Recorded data
[Start of Attachment]
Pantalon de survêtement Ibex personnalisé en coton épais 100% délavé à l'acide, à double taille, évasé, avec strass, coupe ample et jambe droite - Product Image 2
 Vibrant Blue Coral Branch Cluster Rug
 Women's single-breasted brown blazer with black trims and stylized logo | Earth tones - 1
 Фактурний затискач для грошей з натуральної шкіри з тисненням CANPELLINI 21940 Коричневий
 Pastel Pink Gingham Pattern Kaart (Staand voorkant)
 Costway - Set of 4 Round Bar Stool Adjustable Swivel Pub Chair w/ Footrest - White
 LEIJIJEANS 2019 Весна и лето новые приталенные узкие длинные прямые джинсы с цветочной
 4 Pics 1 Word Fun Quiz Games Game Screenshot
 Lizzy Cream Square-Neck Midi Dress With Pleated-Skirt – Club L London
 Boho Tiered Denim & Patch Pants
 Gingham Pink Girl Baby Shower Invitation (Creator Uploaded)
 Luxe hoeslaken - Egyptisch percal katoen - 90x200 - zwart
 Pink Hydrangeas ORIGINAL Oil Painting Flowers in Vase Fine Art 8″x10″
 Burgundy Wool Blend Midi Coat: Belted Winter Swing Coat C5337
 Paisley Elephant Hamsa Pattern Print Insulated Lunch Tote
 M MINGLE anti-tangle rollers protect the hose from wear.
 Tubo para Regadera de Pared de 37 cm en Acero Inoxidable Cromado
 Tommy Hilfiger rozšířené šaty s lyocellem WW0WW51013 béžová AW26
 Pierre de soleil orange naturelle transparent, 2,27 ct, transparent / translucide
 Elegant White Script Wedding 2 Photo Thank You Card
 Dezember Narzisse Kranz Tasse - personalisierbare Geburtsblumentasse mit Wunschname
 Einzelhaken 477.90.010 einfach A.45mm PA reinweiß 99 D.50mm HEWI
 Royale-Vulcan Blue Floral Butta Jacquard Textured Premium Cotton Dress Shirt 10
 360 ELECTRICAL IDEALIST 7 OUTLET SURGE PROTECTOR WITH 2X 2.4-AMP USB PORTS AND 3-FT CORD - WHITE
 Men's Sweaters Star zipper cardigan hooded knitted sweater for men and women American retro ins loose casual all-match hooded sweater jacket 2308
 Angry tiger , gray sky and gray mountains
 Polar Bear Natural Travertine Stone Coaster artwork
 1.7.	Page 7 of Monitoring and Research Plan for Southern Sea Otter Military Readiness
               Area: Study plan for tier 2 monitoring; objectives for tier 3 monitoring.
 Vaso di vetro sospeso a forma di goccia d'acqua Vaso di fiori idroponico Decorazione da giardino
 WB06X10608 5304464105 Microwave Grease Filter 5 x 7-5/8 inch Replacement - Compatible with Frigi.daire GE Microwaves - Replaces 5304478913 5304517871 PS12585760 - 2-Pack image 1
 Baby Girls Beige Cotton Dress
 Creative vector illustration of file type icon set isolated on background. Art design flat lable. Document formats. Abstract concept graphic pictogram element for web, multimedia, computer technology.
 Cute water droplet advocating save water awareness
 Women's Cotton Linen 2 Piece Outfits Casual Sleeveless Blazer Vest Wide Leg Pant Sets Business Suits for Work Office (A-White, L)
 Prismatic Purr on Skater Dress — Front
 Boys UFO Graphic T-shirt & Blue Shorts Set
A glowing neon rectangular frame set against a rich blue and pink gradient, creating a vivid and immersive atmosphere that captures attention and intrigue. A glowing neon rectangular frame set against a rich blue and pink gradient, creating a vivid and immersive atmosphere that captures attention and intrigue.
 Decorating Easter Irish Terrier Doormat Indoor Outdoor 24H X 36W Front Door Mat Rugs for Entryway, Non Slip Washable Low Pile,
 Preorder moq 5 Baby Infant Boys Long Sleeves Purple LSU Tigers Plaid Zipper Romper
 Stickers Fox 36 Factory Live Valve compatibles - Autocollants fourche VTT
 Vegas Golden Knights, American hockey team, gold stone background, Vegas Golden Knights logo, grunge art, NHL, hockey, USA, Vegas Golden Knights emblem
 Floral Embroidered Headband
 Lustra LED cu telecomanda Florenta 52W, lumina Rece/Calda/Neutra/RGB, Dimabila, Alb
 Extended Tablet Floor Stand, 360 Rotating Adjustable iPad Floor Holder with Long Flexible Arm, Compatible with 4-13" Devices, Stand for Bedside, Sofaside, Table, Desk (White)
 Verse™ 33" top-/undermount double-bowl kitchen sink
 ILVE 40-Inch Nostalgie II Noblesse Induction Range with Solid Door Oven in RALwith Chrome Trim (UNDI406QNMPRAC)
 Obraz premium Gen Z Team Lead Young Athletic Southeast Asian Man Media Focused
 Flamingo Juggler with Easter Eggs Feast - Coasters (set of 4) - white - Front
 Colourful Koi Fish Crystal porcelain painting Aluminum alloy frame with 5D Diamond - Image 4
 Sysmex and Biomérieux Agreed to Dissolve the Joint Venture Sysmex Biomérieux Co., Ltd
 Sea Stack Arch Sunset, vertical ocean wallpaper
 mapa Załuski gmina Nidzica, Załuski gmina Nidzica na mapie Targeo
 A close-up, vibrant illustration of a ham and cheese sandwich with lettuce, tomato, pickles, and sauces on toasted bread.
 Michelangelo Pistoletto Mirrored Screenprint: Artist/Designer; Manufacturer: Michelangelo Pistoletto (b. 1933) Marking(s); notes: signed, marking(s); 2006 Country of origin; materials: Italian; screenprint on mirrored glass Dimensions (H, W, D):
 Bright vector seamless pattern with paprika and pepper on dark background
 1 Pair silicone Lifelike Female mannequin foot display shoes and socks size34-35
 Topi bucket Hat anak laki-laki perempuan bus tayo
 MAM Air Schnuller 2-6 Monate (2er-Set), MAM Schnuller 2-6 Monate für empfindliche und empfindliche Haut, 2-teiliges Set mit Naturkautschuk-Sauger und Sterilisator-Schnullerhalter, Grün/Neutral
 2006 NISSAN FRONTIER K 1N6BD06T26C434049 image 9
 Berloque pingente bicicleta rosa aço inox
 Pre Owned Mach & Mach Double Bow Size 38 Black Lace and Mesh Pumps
[End of Attachment]
Problem>
Every line of the data must be written out again word for word.

Answer space>
Pantalon de survêtement Ibex personnalisé en coton épais 100% délavé à l'acide, à double taille, évasé, avec strass, coupe ample et jambe droite - Product Image 2
 Vibrant Blue Coral Branch Cluster Rug
 Women's single-breasted brown blazer with black trims and stylized logo | Earth tones - 1
 Фактурний затискач для грошей з натуральної шкіри з тисненням CANPELLINI 21940 Коричневий
 Pastel Pink Gingham Pattern Kaart (Staand voorkant)
 Costway - Set of 4 Round Bar Stool Adjustable Swivel Pub Chair w/ Footrest - White
 LEIJIJEANS 2019 Весна и лето новые приталенные узкие длинные прямые джинсы с цветочной
 4 Pics 1 Word Fun Quiz Games Game Screenshot
 Lizzy Cream Square-Neck Midi Dress With Pleated-Skirt – Club L London
 Boho Tiered Denim & Patch Pants
 Gingham Pink Girl Baby Shower Invitation (Creator Uploaded)
 Luxe hoeslaken - Egyptisch percal katoen - 90x200 - zwart
 Pink Hydrangeas ORIGINAL Oil Painting Flowers in Vase Fine Art 8″x10″
 Burgundy Wool Blend Midi Coat: Belted Winter Swing Coat C5337
 Paisley Elephant Hamsa Pattern Print Insulated Lunch Tote
 M MINGLE anti-tangle rollers protect the hose from wear.
 Tubo para Regadera de Pared de 37 cm en Acero Inoxidable Cromado
 Tommy Hilfiger rozšířené šaty s lyocellem WW0WW51013 béžová AW26
 Pierre de soleil orange naturelle transparent, 2,27 ct, transparent / translucide
 Elegant White Script Wedding 2 Photo Thank You Card
 Dezember Narzisse Kranz Tasse - personalisierbare Geburtsblumentasse mit Wunschname
 Einzelhaken 477.90.010 einfach A.45mm PA reinweiß 99 D.50mm HEWI
 Royale-Vulcan Blue Floral Butta Jacquard Textured Premium Cotton Dress Shirt 10
 360 ELECTRICAL IDEALIST 7 OUTLET SURGE PROTECTOR WITH 2X 2.4-AMP USB PORTS AND 3-FT CORD - WHITE
 Men's Sweaters Star zipper cardigan hooded knitted sweater for men and women American retro ins loose casual all-match hooded sweater jacket 2308
 Angry tiger , gray sky and gray mountains
 Polar Bear Natural Travertine Stone Coaster artwork
 1.7.	Page 7 of Monitoring and Research Plan for Southern Sea Otter Military Readiness
               Area: Study plan for tier 2 monitoring; objectives for tier 3 monitoring.
 Vaso di vetro sospeso a forma di goccia d'acqua Vaso di fiori idroponico Decorazione da giardino
 WB06X10608 5304464105 Microwave Grease Filter 5 x 7-5/8 inch Replacement - Compatible with Frigi.daire GE Microwaves - Replaces 5304478913 5304517871 PS12585760 - 2-Pack image 1
 Baby Girls Beige Cotton Dress
 Creative vector illustration of file type icon set isolated on background. Art design flat lable. Document formats. Abstract concept graphic pictogram element for web, multimedia, computer technology.
 Cute water droplet advocating save water awareness
 Women's Cotton Linen 2 Piece Outfits Casual Sleeveless Blazer Vest Wide Leg Pant Sets Business Suits for Work Office (A-White, L)
 Prismatic Purr on Skater Dress — Front
 Boys UFO Graphic T-shirt & Blue Shorts Set
A glowing neon rectangular frame set against a rich blue and pink gradient, creating a vivid and immersive atmosphere that captures attention and intrigue. A glowing neon rectangular frame set against a rich blue and pink gradient, creating a vivid and immersive atmosphere that captures attention and intrigue.
 Decorating Easter Irish Terrier Doormat Indoor Outdoor 24H X 36W Front Door Mat Rugs for Entryway, Non Slip Washable Low Pile,
 Preorder moq 5 Baby Infant Boys Long Sleeves Purple LSU Tigers Plaid Zipper Romper
 Stickers Fox 36 Factory Live Valve compatibles - Autocollants fourche VTT
 Vegas Golden Knights, American hockey team, gold stone background, Vegas Golden Knights logo, grunge art, NHL, hockey, USA, Vegas Golden Knights emblem
 Floral Embroidered Headband
 Lustra LED cu telecomanda Florenta 52W, lumina Rece/Calda/Neutra/RGB, Dimabila, Alb
 Extended Tablet Floor Stand, 360 Rotating Adjustable iPad Floor Holder with Long Flexible Arm, Compatible with 4-13" Devices, Stand for Bedside, Sofaside, Table, Desk (White)
 Verse™ 33" top-/undermount double-bowl kitchen sink
 ILVE 40-Inch Nostalgie II Noblesse Induction Range with Solid Door Oven in RALwith Chrome Trim (UNDI406QNMPRAC)
 Obraz premium Gen Z Team Lead Young Athletic Southeast Asian Man Media Focused
 Flamingo Juggler with Easter Eggs Feast - Coasters (set of 4) - white - Front
 Colourful Koi Fish Crystal porcelain painting Aluminum alloy frame with 5D Diamond - Image 4
 Sysmex and Biomérieux Agreed to Dissolve the Joint Venture Sysmex Biomérieux Co., Ltd
 Sea Stack Arch Sunset, vertical ocean wallpaper
 mapa Załuski gmina Nidzica, Załuski gmina Nidzica na mapie Targeo
 A close-up, vibrant illustration of a ham and cheese sandwich with lettuce, tomato, pickles, and sauces on toasted bread.
 Michelangelo Pistoletto Mirrored Screenprint: Artist/Designer; Manufacturer: Michelangelo Pistoletto (b. 1933) Marking(s); notes: signed, marking(s); 2006 Country of origin; materials: Italian; screenprint on mirrored glass Dimensions (H, W, D):
 Bright vector seamless pattern with paprika and pepper on dark background
 1 Pair silicone Lifelike Female mannequin foot display shoes and socks size34-35
 Topi bucket Hat anak laki-laki perempuan bus tayo
 MAM Air Schnuller 2-6 Monate (2er-Set), MAM Schnuller 2-6 Monate für empfindliche und empfindliche Haut, 2-teiliges Set mit Naturkautschuk-Sauger und Sterilisator-Schnullerhalter, Grün/Neutral
 2006 NISSAN FRONTIER K 1N6BD06T26C434049 image 9
 Berloque pingente bicicleta rosa aço inox
 Pre Owned Mach & Mach Double Bow Size 38 Black Lace and Mesh Pumps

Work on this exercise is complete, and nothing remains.